The impact of generative AI on the "build to learn" process cannot be overstated. Two key practical differences have emerged:

  1. Accelerated Live-Data Prototypes: While various prototype types (e.g., sketches, mockups, interactive prototypes) have long existed, AI has dramatically reduced the cost and time required to create live-data prototypes. These are functional prototypes that connect to real (or simulated) data sources, allowing select users and customers to interact with a near-production experience. The ability to quickly deploy and test these functional prototypes, gathering actual usage data much earlier and at a fraction of the traditional cost, is a profound game-changer for validating value and usability. For instance, a small product team can now spin up a functional AI-generated interface linked to a mock backend in hours, not weeks, providing immediate, tangible feedback.

  2. Parallel Experimentation: Historically, product discovery often followed a largely sequential iteration model. Teams would develop what they believed was the most promising approach, test it, iterate based on feedback, and repeat until sufficient evidence warranted moving to full productization. Thanks to the speed of AI-based prototyping tools, teams can now simultaneously develop and test multiple distinct approaches to solving a single problem. This parallel experimentation allows for broader exploration, quicker identification of optimal solutions, and a more robust understanding of user preferences.
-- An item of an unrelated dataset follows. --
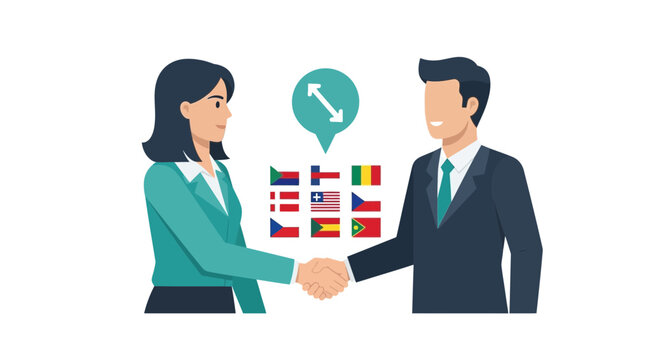 International Business Partnership and Global Trade Concept Illustration with Professional Handshake and National Flags
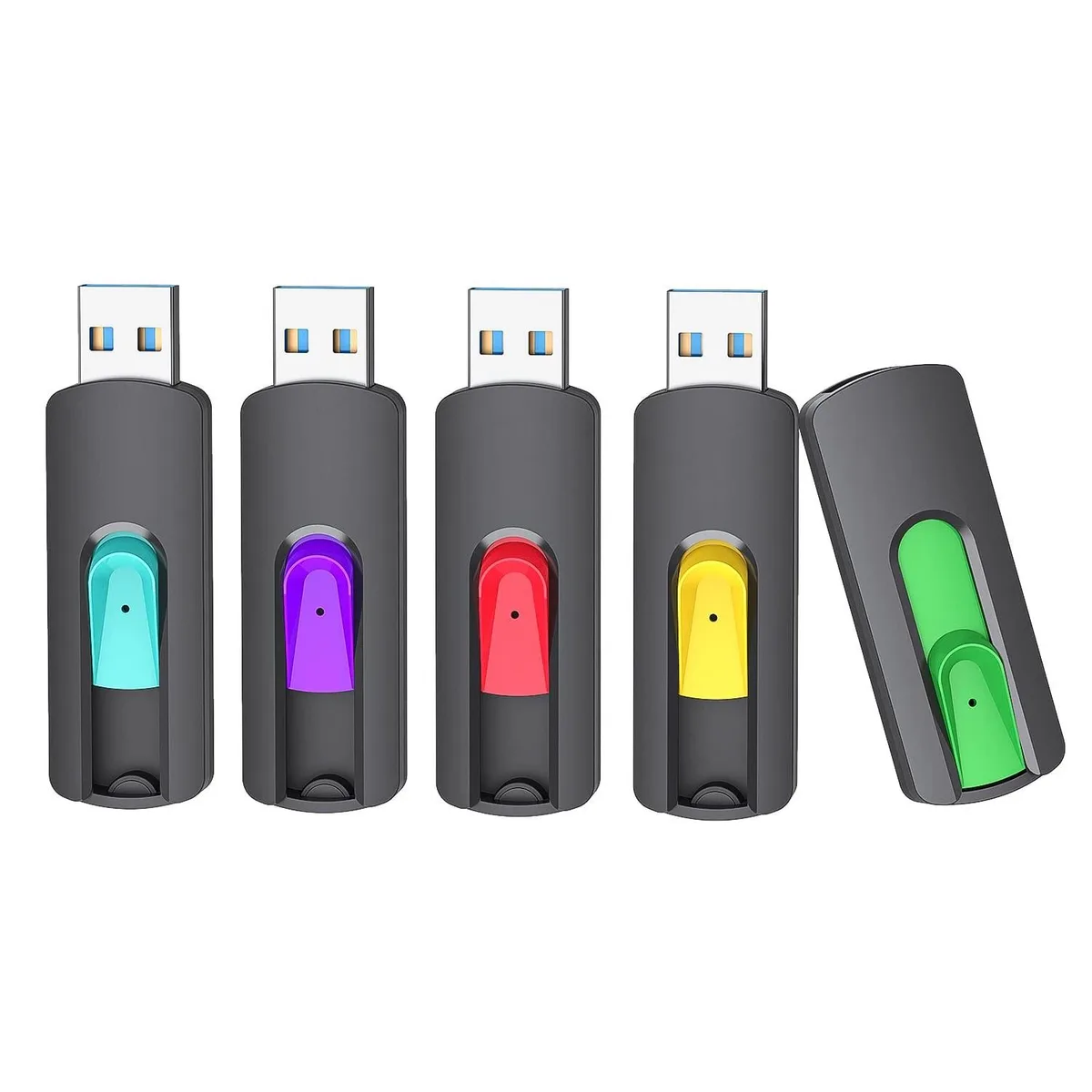 V2 Technologies V2 Technologies 5 Pack 128GB USB 3.1 Flash Drives 150MB/s Multi-Colour Retractable 2 in 1 accessory — product photo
Instead of committing to one path and iterating, teams can now explore several in parallel, quickly discarding less promising options and focusing resources on the most viable candidates.

Skills for the Golden Era of Product Management

Recognizing this shift, many leading companies are recalibrating their product management interview processes to assess candidates’ proficiency in building and testing prototypes. The ability to articulate and demonstrate "build to learn" skills is becoming a prerequisite. While mastering prototyping tools and discovery techniques is a valuable skill, it represents only one facet of success. The truly challenging, yet most critical, skill is developing product sense—the intuitive understanding of what makes a product valuable, usable, feasible, and viable. Product sense involves discerning patterns in user behavior, anticipating market needs, making astute trade-offs, and guiding the discovery process toward truly innovative and impactful solutions.

This evolving landscape presents a bifurcation for product professionals. Those who prefer the traditional role of facilitator, manager, or "glue" within a team, without embracing the hands-on "builder/creator" aspect of discovery, may find themselves increasingly marginalized. Their contributions, while historically important, are being automated or absorbed by more empowered, cross-functional teams.

Conversely, for product managers who are willing to embrace the builder/creator identity, who commit to developing their product sense, and who actively cultivate their "build to learn" skills, the current era represents an unprecedented "golden era." The tools are more powerful, the opportunities for impact are greater, and the demand for truly skilled product leadership—capable of navigating the complexities of discovery in a rapidly accelerating technological environment—is soaring. The future belongs to those who can not only envision great products but actively participate in their validated, iterative creation.